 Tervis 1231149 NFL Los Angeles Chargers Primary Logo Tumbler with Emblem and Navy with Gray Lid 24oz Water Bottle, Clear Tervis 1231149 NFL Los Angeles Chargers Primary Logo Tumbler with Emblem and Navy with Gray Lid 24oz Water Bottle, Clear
========
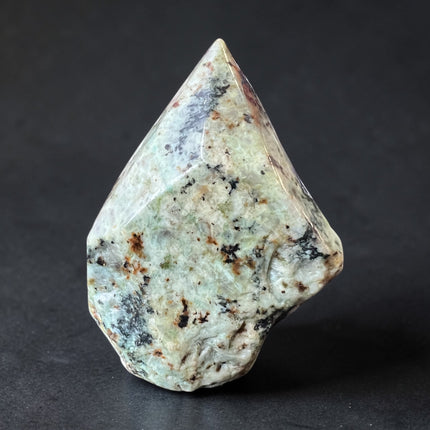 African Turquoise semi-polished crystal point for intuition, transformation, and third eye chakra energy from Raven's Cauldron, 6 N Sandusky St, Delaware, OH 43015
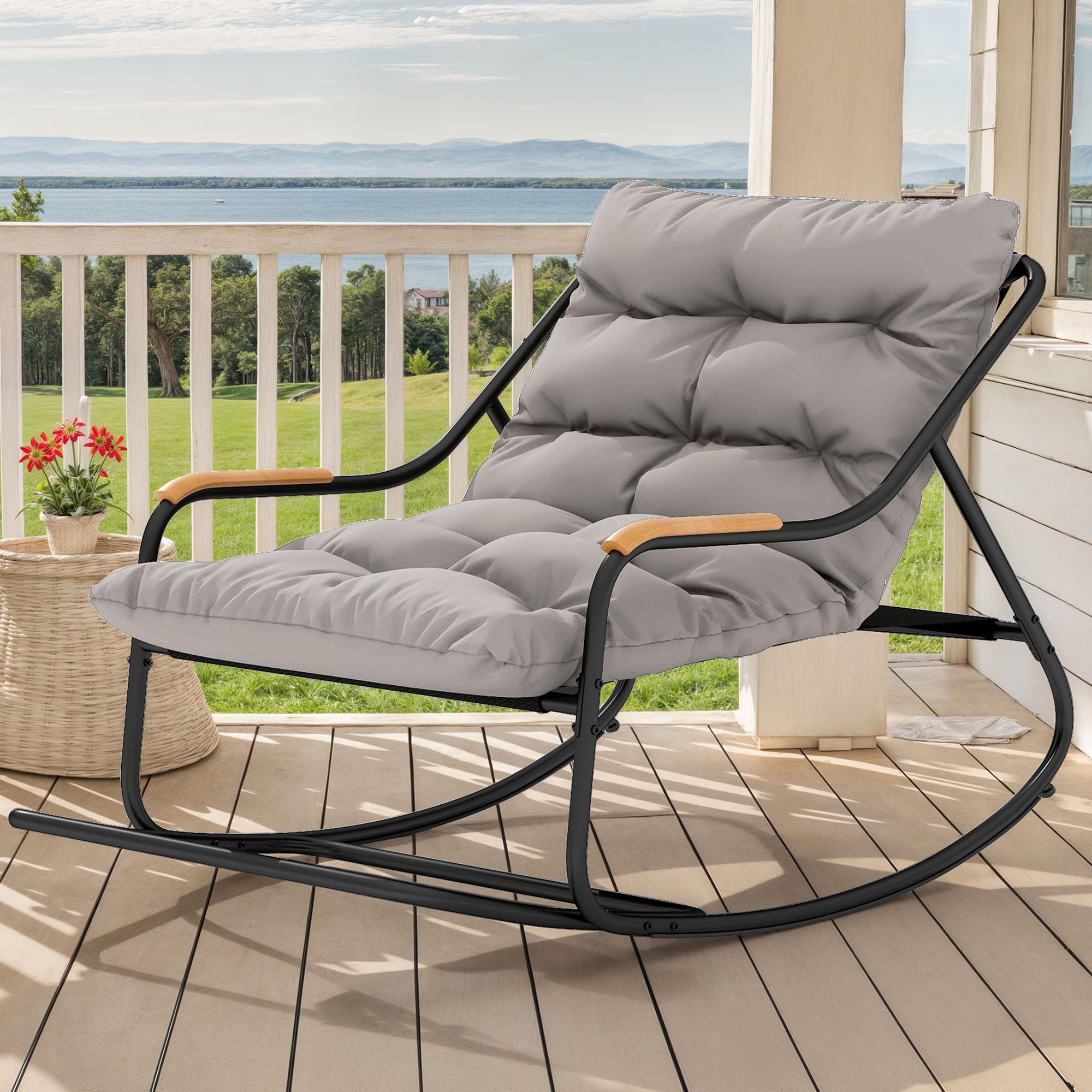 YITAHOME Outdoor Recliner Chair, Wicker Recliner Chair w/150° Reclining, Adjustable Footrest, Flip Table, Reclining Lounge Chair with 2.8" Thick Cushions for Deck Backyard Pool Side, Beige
========
Aim of the exercise » Print nothing but the lines above starting with the line that contains "African Turquoise semi-polished" and going on through the line that contains "YITAHOME Outdoor Recliner". Leave out the pictures.

Solution below »
 African Turquoise semi-polished crystal point for intuition, transformation, and third eye chakra energy from Raven's Cauldron, 6 N Sandusky St, Delaware, OH 43015
 YITAHOME Outdoor Recliner Chair, Wicker Recliner Chair w/150° Reclining, Adjustable Footrest, Flip Table, Reclining Lounge Chair with 2.8" Thick Cushions for Deck Backyard Pool Side, Beige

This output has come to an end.